My previous blog post was all about sewing colourful placemats to use for alfresco outside dining during the summer. This one is about hat knitting. It’s a small step going from summer to autumn. I have to say that autumn may be my favourite season of all. Of course, days get shorter, evenings get longer, the temperature goes down and the rain kicks in. But the colours of the season are simply beautiful. All the different yellows and oranges and reds: I love them! And candles are good compensation for the shorter days. And coffee.
Temperatures that go down indicate the start of the hat season. I, of course, do have a few hats ready to be used in a basket near the door. But, it’s a bit like with shawls: do you ever have enough of them? And, hats are a lovely small project to make.
Small Project Love
I like a small project every now and then because they are a quick make and they often only require a small amount of yarn. That means that these projects are great for odd skeins from your stash. Do you know that one leftover skein of yarn from a project or that beautiful skein that you bought at a festival but is not available anymore? Small projects are perfect for these.
Now, I have to admit that the yarn I used for the Simple Rib Hat was not one of these odd skeins. I bought it especially to make this hat. The yarn is dyed by Sylvia of Wol met Verve and she uses a special tie-dye technique for this one. The yarn has undyed bits all over which results in white speckles in your knitted piece. I had my eye on this kind of yarn for a while but I didn’t know what I wanted to make with it. Problem solved, it became a hat (and a free pattern). Hats are great one-skein projects.
The Simple Rib Hat
This hat had to be a simple one. No complicated stitch patterns, but just plain rib stitch knitting to let the yarn shine. I chose to use a DK weight yarn and that makes it a very quick knit. You could maybe even knit the Simple Rib Hat in just one evening (not me, I’m a slow knitter haha). That makes it perfect for gift knitting as well! (Hint: we are approaching that season again!) My little gift to you is the free pattern to make this hat.
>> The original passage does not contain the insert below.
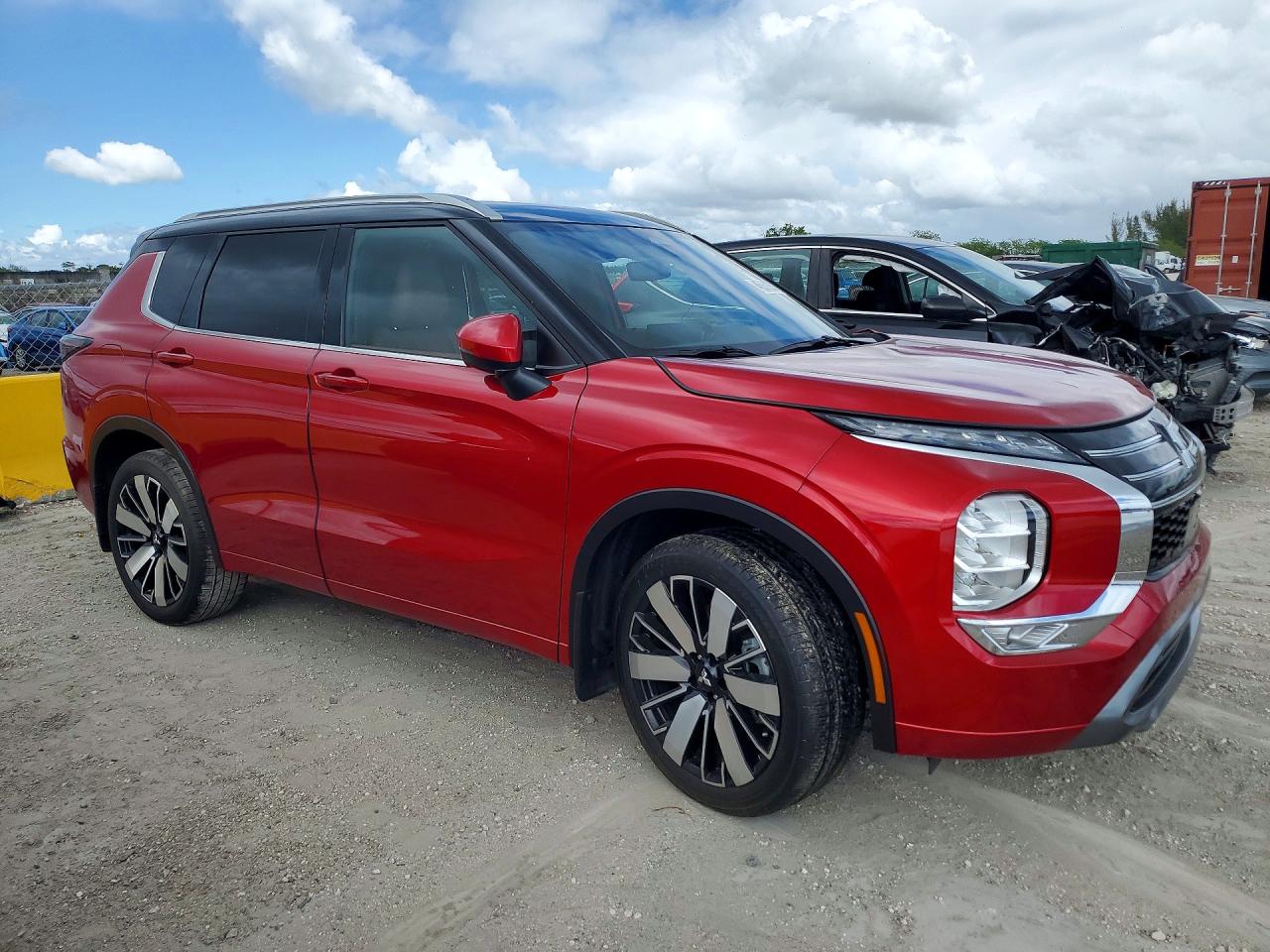 2025 MITSUBISHI OUTLANDER SEL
The rib stitch fabric is very stretchy which means that the hat will fit a lot of heads. In the pattern, I also explained how to adjust the size of the hat. Just in case.
Balloon for blocking
Depending on the kind of yarn used to make your piece, the stitches will shine even more when you block your work. Blocking a shawl, of course, is not so complicated. It’s a flat piece and you can block it either on the floor or on your bed. You could also block a hat this way but using a 3D shape will give you a better result.
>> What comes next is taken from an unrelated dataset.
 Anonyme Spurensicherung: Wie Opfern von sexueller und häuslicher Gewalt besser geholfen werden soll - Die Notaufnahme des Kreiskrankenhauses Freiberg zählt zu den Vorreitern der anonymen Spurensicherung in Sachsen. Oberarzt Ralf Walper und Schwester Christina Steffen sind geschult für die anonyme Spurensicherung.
The easiest way to block a hat I think is to use a balloon and a small dish. Simply blow the balloon so that it is a bit smaller than your head, tie a knot and place it in the dish (knot down) so that it can stand on its own. You can now slightly dampen the crown or the top of the hat and place it over the balloon to let it dry. That’s it.
I really like my Simple Rib Hat and I hope that you will make one too (and enjoy it!)